Acuada, a presidente Dilma partiu para a ofensiva pedindo um plebiscito para promover a reforma política por meio de uma Constituinte. Ela deu uma satisfação à classe média e à classe C, mas jogou o problema no colo dos deputados e senadores, que obviamente vão fazer de tudo para impedir que o eventual plebiscito tire da classe política o controle da situação, e principalmente impedir que a consulta direta ao eleitorado se transforme numa bandeira do PT, num ano eleitoral. A presidente sabe que a situação é complexa, mas age segundo o velho maniqueísmo partidário. Se ela assumisse a complexidade, a primeira coisa a fazer seria dizer isso de forma transparente para que todos pudessem ser parte da busca de alternativas.
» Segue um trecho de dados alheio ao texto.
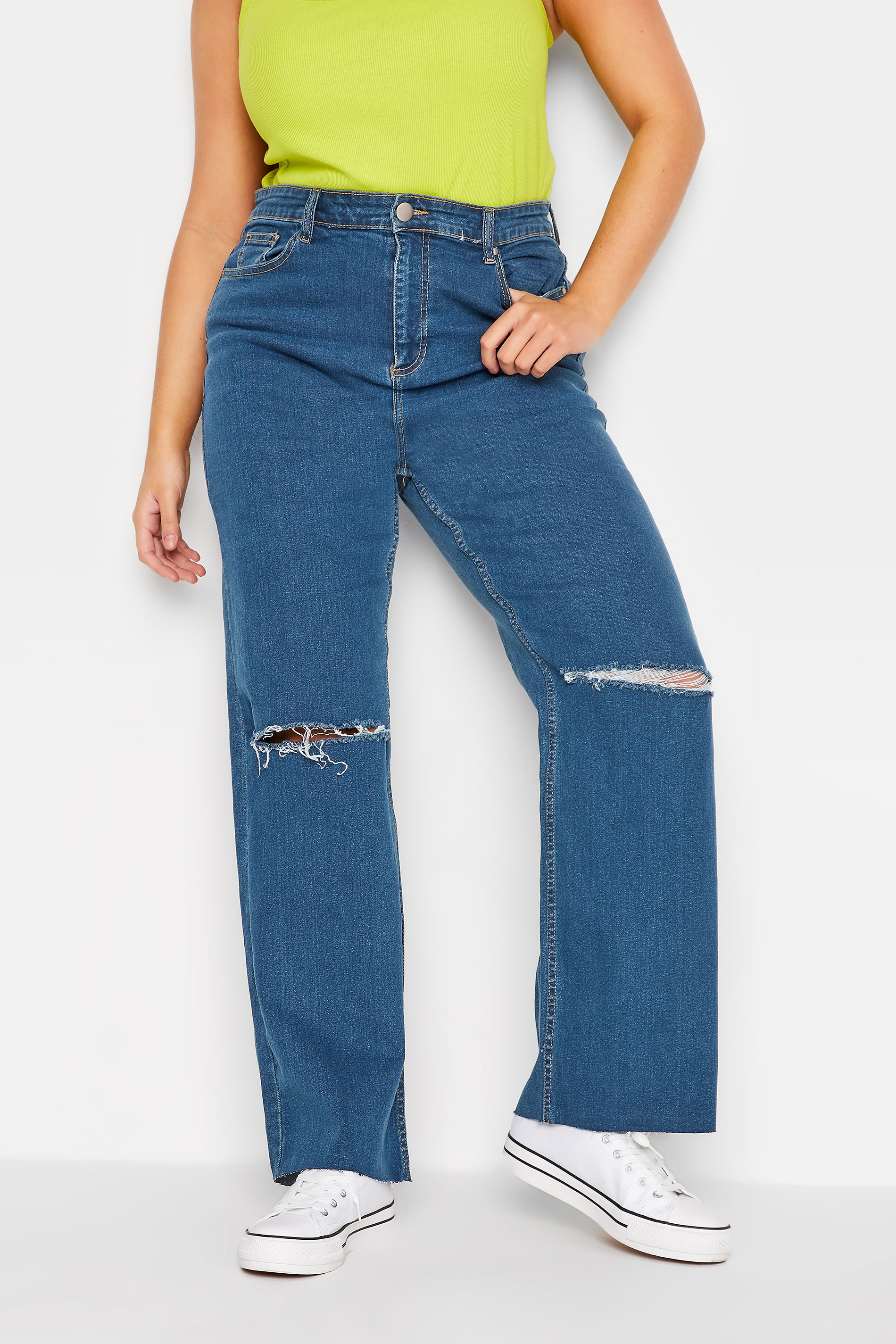 Plus Size Mid Blue Ripped Wide Leg Jeans | Yours Clothing 1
Esta enumeração sumária de problemas mostra que nenhum deles é de solução fácil e não temos alternativa senão cobrar da imprensa convencional uma preocupação em enfrentar o desafio da complexidade. As redes sociais são ótimas, até insuperáveis, na articulação e diversificação de desejos e necessidades dos setores sociais tradicionalmente sem acesso à mídia tradicional, mas têm bem menos capacidade analítica e pedagógica do que os jornais, revistas, rádios e TVs. O governo, partidos e empresas têm interesses corporativos a defender, terão pouca vontade de explicar o que não lhes convém.
Caso a imprensa não assuma esse papel analítico e investigador, ela estará se tornando definitivamente descartável.